Tuesday, January 31, 2006
Another victim of my chronic laziness. And it's not like I didn't have eight shiny new colored pencils to tempt me. But there was just so much space. Who wants to be coloring and smudging and moistening for hours on end with no guarantee of quality? I'm skittish when it comes to large expanses of paper. I figure that's where the real brilliance happens and I've a small bag of tricks.
The real question is how many pictures of (Blank) in Front of a Tree can I get away with? To this I shrug my shoulders and reply "As many as can fill my days". It's really one of the oldest standbys and, in my book, among the most attractive. It ranks up there with Ring of Dancing Fairies, and Woman at a Window, and Girl by Water Contemplating Suicide. The oldies and goodies, used by the best and the worst. I figure their ubiquity must mean something, and I've put it down to each having some primal, sub-conscious importance.
Who the hell am I to screw with that?
Sunday, January 29, 2006
Friday, January 27, 2006
Well. Later that afternoon I got a second call. This time from the NYS Department of Police or some shit. A recording stating that I had received a call from a correctional facility and would I like to sign up for some program? I balked and hung up even quicker than before.
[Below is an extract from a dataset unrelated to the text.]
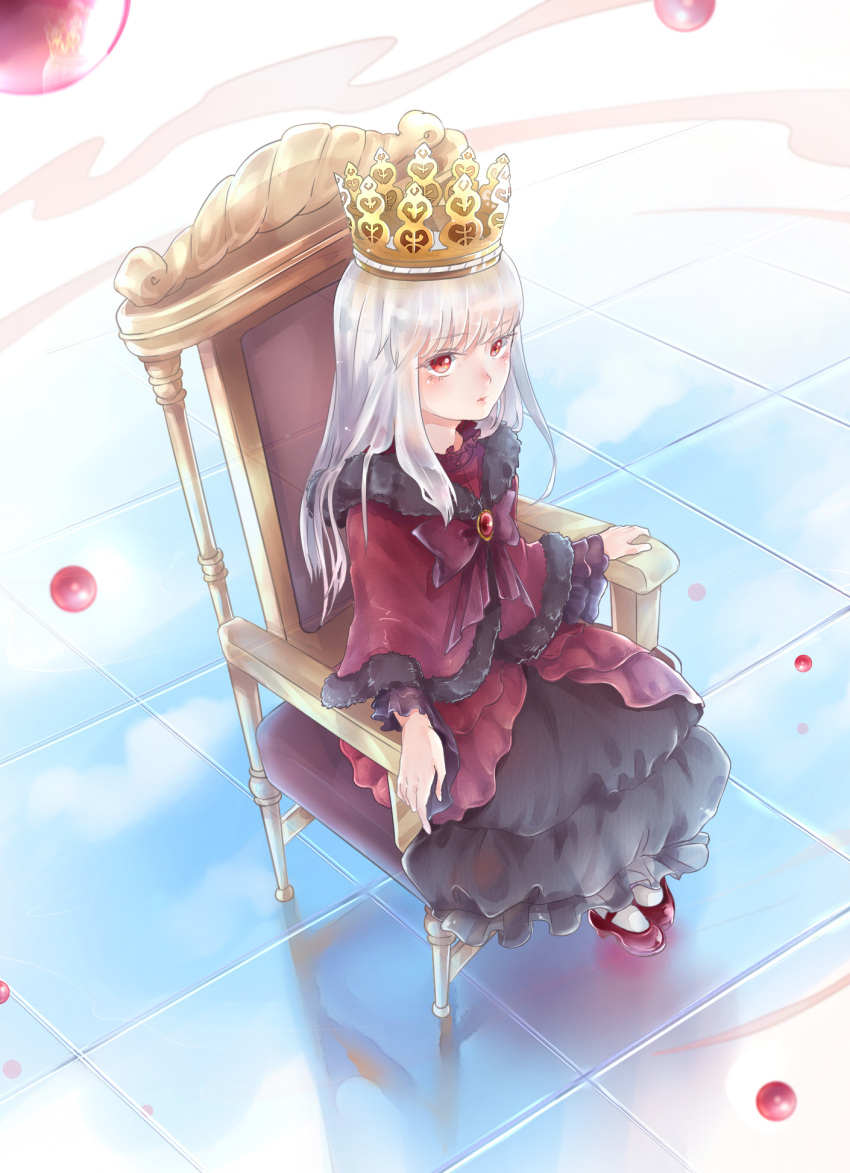 1girl, bluebluecathy, crown, dress, highres, k_(anime), kushina_anna, red_eyes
I laughed a bit, swore a bit more. And, after checking all the locks, quietly unplugged the phone for the day.
Thursday, January 26, 2006
I have no clue, either. Sometimes you just gotta draw gnomes, man.
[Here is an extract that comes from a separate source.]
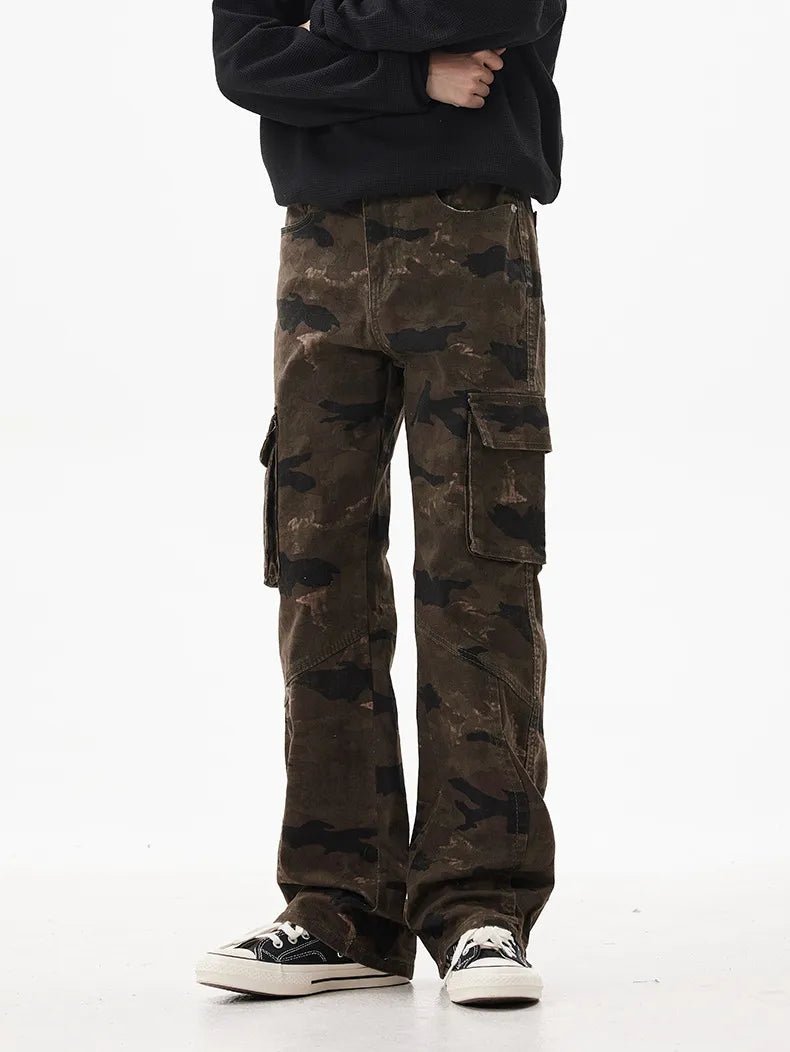 Men's Camo Print Relaxed Fit Cargo Jeans - PBNJ FASHIONS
It has a funerary kind of feel, which is what I orginally intended, but I just couldn't bring myself to see the whole thing through. The Hanging of the Fruit Men was a bit too grisly for a Wednesday morning. And then there's all the explaining that would have come with it--the Why's and Who's and What the Eff's.
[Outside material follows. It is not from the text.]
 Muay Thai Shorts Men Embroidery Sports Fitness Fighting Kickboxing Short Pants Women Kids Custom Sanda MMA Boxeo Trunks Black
So instead, it's a Harvest. Or a Birthing. Or a Religious Rite.
I'll content myself with ambiguity.
Tuesday, January 24, 2006
Here’s the next meme for everyone, as long as you get it before someone else with your name does. Type in your first name and the word “needs” into Google. Post the first 10 results, plus a few other interesting ones.
1. an adoptive family that is very structured.
3. to wear something sexy again to gain the spotlight among so many superstars.
4. to be left alone.
5. constant attention.
6. to grow a backbone.
7. a new color lipstick.
8. to spend lots of time just kissing Helen.
9. to rethink her position on doing adult films.
10. a new kidney.
The Albas and Simpsons out there are just ruining things for me and my kind.
Monday, January 23, 2006
We ate meat at every meal. I slept in front of a fire, dreamt of blackened feet, woke up to bacon. I ran up the slope in the backyard and found two ponds where the land tabled off. Got to look over the hills and study the bluing effect fo' reals. Played tag at 1 a.m. with an overweight cockapoo until my fear of bears sent me scurrying inside. Drank wine. Ate guacamole.
Altogether good. Even without Raisin Bran or Wikipedia. Though I'm not quite convinced I've sold the Garvs on Sigur Ros.
Saturday, January 21, 2006
Something LL Bean (in this case, a fleece from 1989 that smells like tacos)
Herodotus (to keep up appearances)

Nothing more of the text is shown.